BRIEF
Could you please write out each line of the records exactly, minus the pictures?

RECORDS TO PROCESS
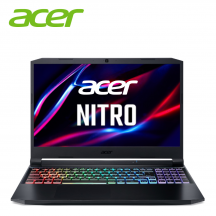 Acer Nitro 5 AN515-45-R5CH 15.6'' FHD 144Hz Gaming Laptop ( Ryzen 5 5600H, 8GB, 512GB SSD, RTX3050 Ti 4GB, W10 )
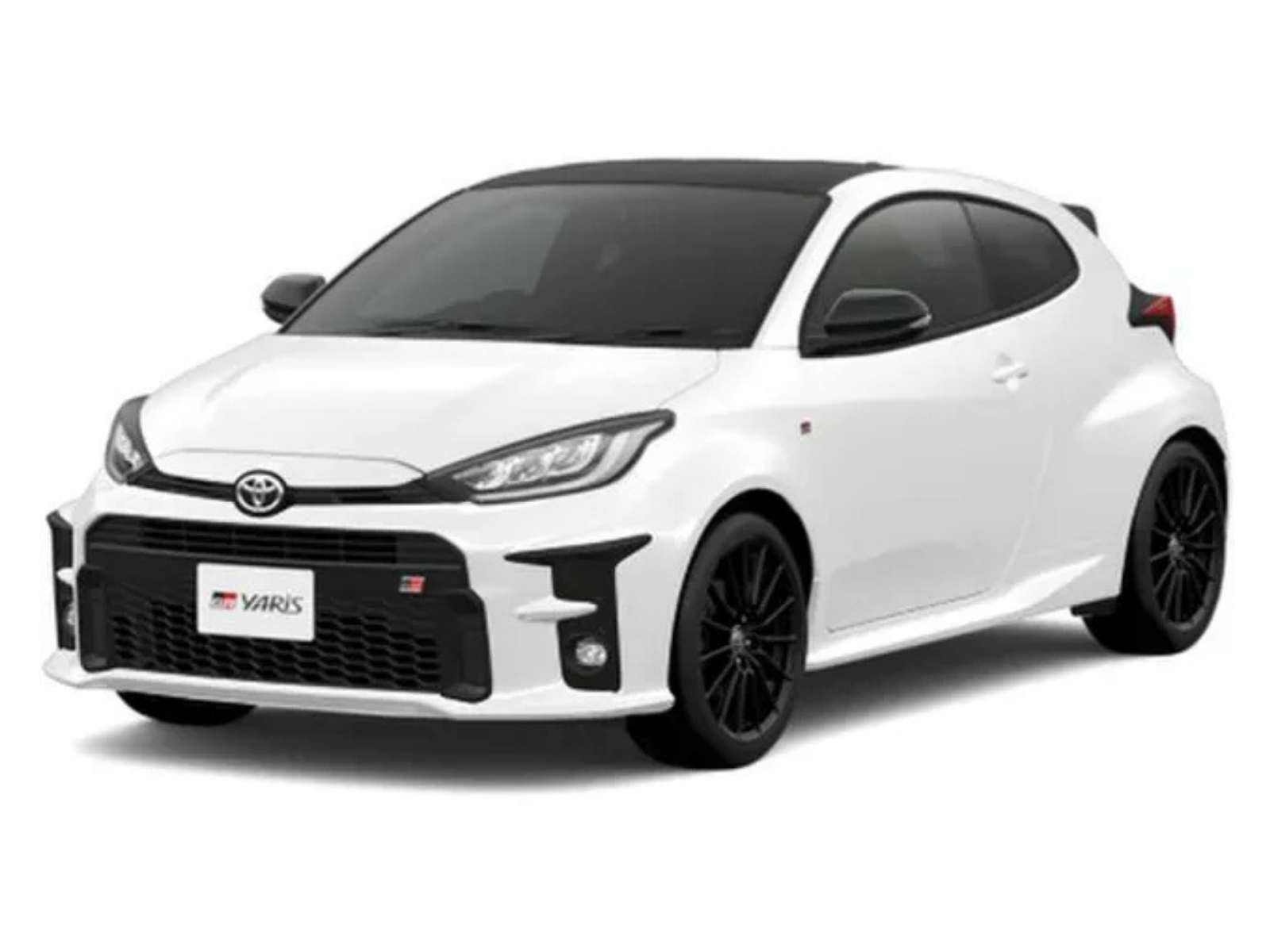 Toyota GR Yaris RZ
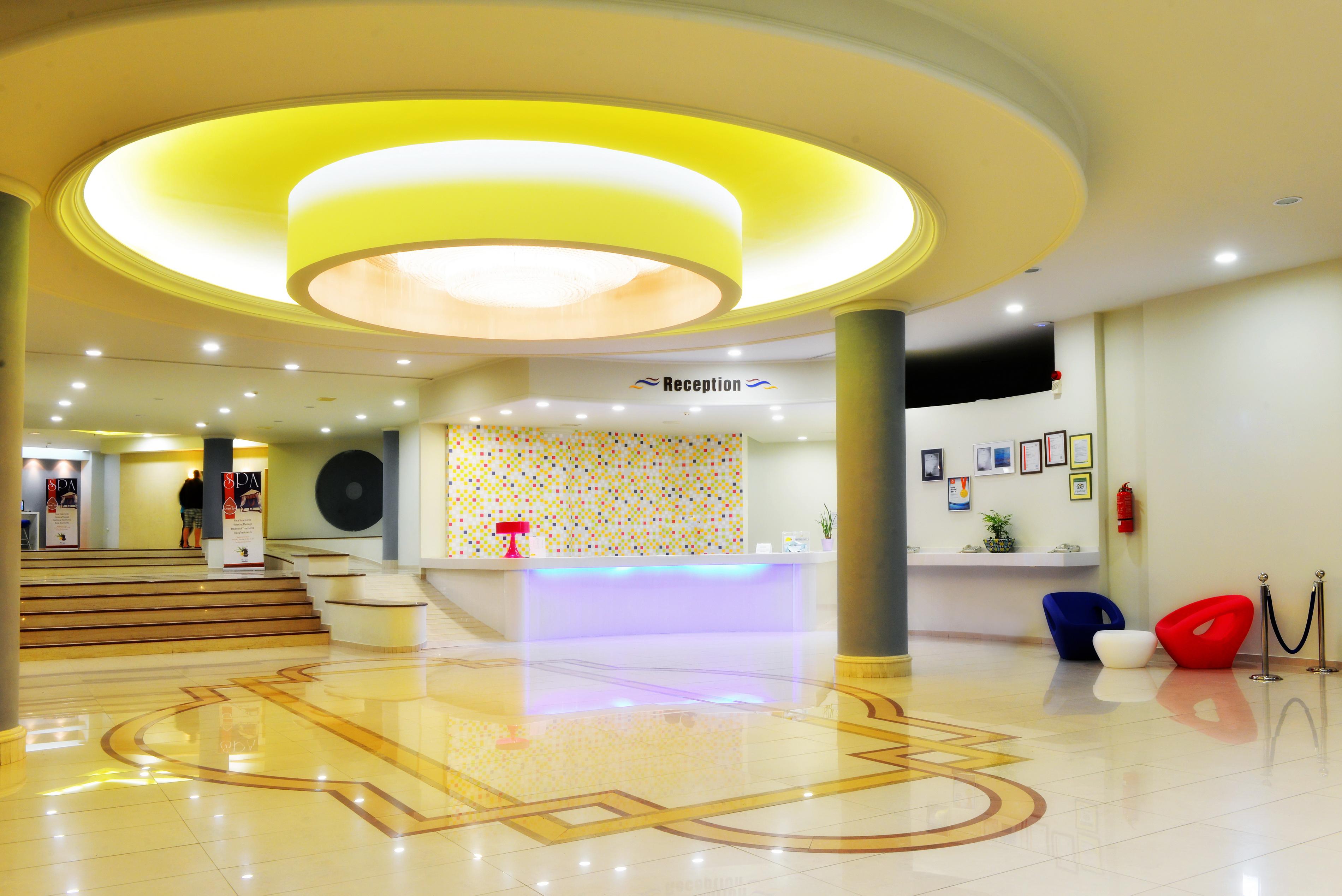 Hotel Sol Cosmopolitan Rhodes Ixia  Esterno foto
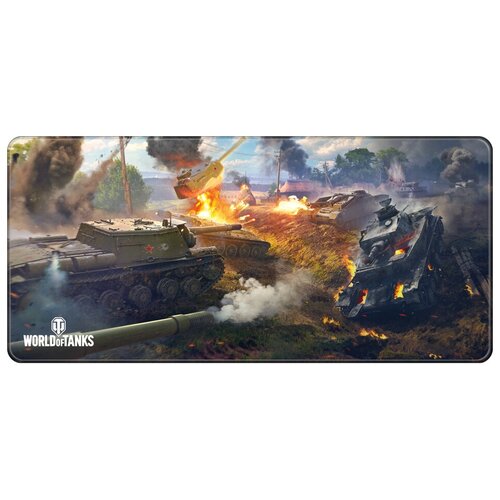 Коврик для мыши World Of Tanks: Battle Of Kursk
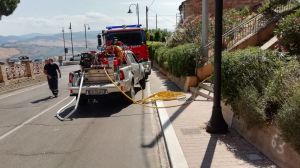 Incendio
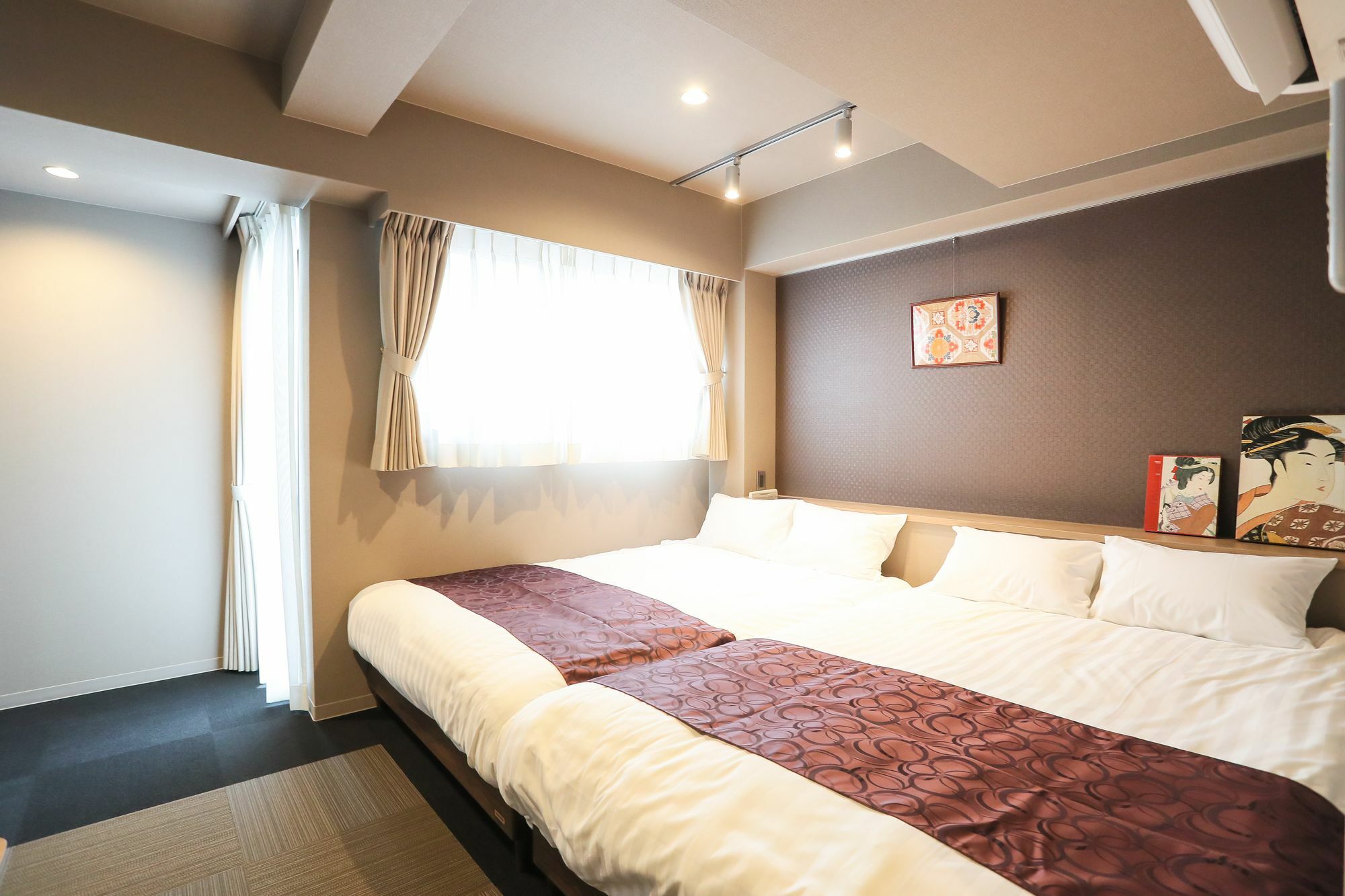 Apartment Hotel 7Key S Kyoto Bagian luar foto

EXERCISE RESPONSE
 Acer Nitro 5 AN515-45-R5CH 15.6'' FHD 144Hz Gaming Laptop ( Ryzen 5 5600H, 8GB, 512GB SSD, RTX3050 Ti 4GB, W10 )
 Toyota GR Yaris RZ
 Hotel Sol Cosmopolitan Rhodes Ixia  Esterno foto
 Коврик для мыши World Of Tanks: Battle Of Kursk
 Incendio
 Apartment Hotel 7Key S Kyoto Bagian luar foto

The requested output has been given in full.